:: THE RECORDS ::

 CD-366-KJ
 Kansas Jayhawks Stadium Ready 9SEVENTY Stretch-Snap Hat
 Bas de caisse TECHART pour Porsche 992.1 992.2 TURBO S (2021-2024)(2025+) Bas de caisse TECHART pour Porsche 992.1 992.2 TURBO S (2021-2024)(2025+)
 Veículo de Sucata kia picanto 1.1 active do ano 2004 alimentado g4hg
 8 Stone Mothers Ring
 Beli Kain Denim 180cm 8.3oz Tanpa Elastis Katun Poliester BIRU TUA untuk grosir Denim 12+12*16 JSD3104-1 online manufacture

:::
:: THE RECORDS ::

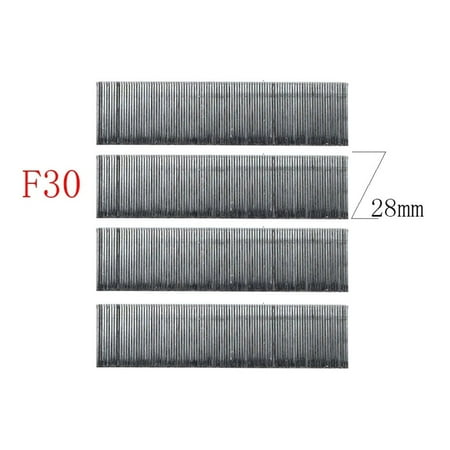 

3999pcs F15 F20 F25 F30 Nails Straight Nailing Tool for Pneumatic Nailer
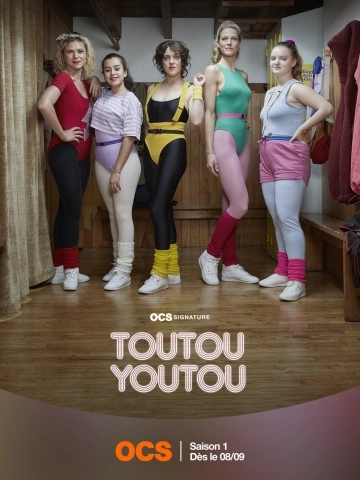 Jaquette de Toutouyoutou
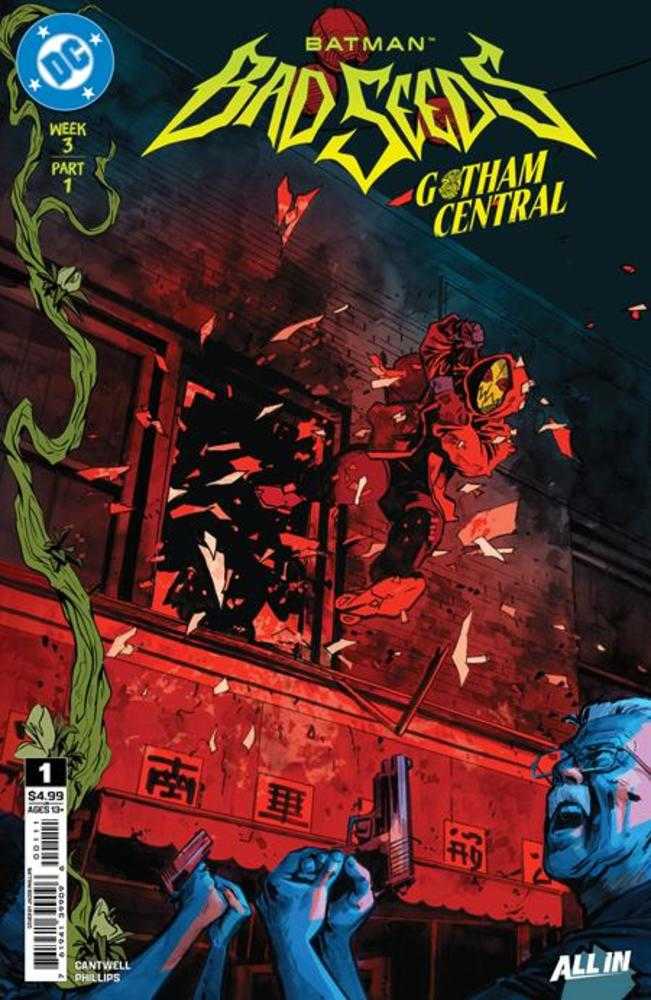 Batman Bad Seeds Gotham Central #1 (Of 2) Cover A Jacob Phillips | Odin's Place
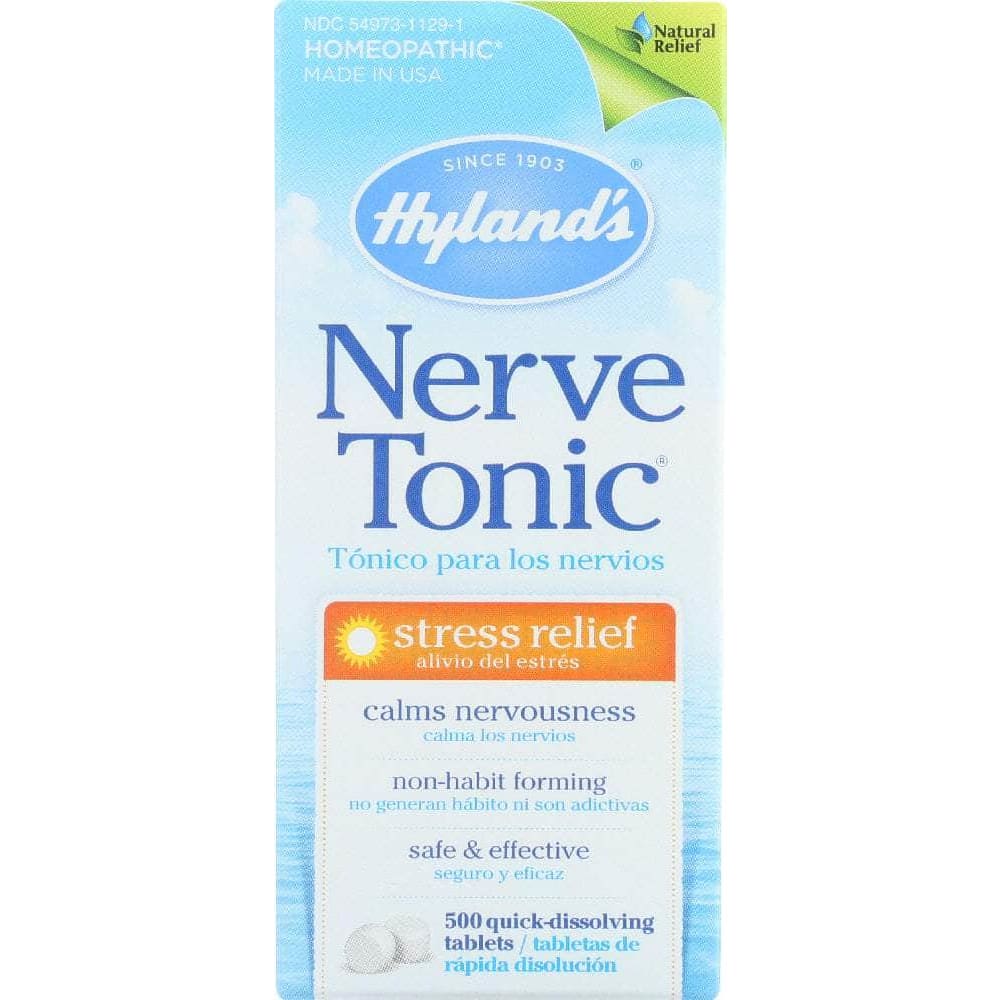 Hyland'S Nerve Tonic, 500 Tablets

:::
:: THE RECORDS ::

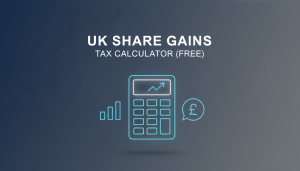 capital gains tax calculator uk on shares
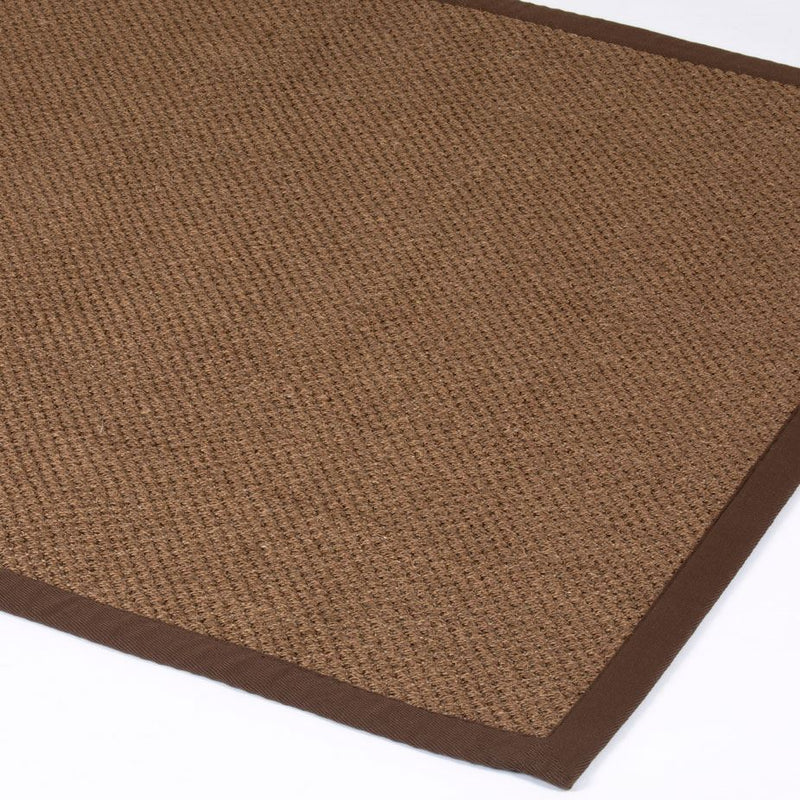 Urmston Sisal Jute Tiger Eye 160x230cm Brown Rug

:::

EXERCISE OBJECTIVE: Reproduce, word for word, only the lines in the records above from the line with "Batman Bad Seeds" through the line with "Hyland'S Nerve Tonic, 500 Tablets", including both ends; omit the pictures.

YOUR RESPONSE:
 Batman Bad Seeds Gotham Central #1 (Of 2) Cover A Jacob Phillips | Odin's Place
 Hyland'S Nerve Tonic, 500 Tablets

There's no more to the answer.